### Records for this exercise
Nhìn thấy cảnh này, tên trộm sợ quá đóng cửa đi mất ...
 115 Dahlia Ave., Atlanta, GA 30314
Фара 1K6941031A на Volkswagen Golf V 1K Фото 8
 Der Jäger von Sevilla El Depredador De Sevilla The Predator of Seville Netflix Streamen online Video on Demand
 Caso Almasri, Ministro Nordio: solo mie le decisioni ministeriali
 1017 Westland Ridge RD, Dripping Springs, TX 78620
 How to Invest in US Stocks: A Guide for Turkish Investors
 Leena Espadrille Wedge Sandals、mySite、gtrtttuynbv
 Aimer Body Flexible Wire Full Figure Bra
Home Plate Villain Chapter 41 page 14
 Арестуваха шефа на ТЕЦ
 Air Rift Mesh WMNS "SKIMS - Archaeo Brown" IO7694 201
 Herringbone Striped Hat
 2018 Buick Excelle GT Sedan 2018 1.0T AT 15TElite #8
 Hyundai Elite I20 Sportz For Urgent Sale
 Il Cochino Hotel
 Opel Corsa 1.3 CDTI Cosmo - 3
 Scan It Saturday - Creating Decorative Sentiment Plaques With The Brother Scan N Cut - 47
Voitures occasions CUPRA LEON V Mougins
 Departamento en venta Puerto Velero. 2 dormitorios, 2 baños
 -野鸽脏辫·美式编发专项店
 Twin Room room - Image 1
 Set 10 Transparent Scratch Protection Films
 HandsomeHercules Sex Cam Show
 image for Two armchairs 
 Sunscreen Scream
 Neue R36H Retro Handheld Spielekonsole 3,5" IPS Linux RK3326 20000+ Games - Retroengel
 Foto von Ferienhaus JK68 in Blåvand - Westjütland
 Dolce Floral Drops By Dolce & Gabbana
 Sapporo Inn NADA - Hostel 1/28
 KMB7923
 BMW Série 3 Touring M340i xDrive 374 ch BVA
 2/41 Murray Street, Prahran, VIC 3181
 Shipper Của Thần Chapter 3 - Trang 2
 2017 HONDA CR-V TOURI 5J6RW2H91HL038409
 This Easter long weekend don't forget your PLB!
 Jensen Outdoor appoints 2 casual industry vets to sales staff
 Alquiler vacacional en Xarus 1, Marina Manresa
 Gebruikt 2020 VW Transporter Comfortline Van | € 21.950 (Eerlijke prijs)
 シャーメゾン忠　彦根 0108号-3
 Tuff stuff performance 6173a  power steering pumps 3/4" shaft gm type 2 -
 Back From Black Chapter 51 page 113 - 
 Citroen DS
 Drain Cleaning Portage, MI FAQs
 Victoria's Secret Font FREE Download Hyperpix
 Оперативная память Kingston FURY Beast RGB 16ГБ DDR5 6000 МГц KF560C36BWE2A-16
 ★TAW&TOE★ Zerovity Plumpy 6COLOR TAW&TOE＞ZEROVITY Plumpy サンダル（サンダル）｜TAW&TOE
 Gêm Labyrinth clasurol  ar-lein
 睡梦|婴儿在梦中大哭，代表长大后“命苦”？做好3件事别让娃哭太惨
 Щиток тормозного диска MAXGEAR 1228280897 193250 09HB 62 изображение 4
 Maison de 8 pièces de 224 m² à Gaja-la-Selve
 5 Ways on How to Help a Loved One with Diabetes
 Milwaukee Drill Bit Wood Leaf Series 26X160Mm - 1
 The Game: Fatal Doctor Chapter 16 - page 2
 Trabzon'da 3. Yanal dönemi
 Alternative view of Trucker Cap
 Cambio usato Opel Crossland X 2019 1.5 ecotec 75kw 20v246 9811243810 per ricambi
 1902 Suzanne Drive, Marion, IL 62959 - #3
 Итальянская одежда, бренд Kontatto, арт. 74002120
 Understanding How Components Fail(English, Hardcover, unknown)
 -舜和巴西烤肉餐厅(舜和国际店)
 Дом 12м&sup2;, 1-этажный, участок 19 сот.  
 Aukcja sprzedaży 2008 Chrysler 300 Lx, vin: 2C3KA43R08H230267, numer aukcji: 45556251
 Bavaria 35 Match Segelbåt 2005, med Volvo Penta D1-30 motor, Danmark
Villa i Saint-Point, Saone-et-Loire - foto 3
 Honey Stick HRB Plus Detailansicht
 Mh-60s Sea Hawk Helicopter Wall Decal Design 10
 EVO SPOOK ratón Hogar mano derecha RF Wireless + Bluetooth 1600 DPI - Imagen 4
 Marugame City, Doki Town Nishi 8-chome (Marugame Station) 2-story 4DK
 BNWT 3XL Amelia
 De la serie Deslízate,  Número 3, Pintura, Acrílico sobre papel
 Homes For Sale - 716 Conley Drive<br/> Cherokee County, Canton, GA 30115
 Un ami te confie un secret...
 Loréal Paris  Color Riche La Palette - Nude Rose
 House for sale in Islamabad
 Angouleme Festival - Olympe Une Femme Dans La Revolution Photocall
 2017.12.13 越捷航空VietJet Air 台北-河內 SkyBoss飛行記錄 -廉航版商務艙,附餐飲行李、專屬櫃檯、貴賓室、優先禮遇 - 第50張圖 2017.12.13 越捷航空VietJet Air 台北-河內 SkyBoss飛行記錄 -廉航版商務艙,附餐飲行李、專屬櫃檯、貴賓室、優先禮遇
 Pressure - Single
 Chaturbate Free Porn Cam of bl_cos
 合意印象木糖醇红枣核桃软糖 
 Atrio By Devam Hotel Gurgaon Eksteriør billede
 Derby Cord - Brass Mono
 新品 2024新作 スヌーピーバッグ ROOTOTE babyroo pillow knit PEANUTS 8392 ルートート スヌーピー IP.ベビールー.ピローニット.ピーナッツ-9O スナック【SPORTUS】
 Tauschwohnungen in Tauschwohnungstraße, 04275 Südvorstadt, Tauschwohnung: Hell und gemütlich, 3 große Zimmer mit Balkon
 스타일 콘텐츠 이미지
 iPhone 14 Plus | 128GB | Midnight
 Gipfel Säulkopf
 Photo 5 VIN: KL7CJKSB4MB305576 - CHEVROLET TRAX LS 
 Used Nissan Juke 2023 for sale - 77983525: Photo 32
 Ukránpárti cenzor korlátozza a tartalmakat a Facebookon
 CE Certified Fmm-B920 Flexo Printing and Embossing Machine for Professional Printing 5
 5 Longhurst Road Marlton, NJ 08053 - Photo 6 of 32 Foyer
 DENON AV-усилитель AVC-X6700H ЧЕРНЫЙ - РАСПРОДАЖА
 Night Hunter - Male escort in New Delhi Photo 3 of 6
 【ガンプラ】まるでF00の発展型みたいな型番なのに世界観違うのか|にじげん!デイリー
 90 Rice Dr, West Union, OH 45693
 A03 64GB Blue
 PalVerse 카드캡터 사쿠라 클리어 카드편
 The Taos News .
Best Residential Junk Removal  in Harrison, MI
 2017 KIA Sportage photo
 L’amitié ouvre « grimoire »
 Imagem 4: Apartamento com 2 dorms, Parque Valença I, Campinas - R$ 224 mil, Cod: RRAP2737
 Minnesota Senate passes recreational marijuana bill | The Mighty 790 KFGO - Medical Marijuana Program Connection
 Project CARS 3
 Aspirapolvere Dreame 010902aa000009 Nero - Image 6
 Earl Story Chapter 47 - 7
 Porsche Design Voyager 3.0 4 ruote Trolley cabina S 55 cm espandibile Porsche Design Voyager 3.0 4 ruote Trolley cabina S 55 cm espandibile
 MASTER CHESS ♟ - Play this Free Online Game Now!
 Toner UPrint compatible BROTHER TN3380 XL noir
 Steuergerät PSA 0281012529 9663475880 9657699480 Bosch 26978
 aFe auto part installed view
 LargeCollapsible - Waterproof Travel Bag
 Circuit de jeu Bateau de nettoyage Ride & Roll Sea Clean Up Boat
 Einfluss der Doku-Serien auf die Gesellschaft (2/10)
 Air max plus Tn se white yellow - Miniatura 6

### Your instructions
Nothing but the lines from the one containing "Einfluss der Doku-Serien" through the last line of the data above should be given again, each exactly as it stands.

### Result
 Einfluss der Doku-Serien auf die Gesellschaft (2/10)
 Air max plus Tn se white yellow - Miniatura 6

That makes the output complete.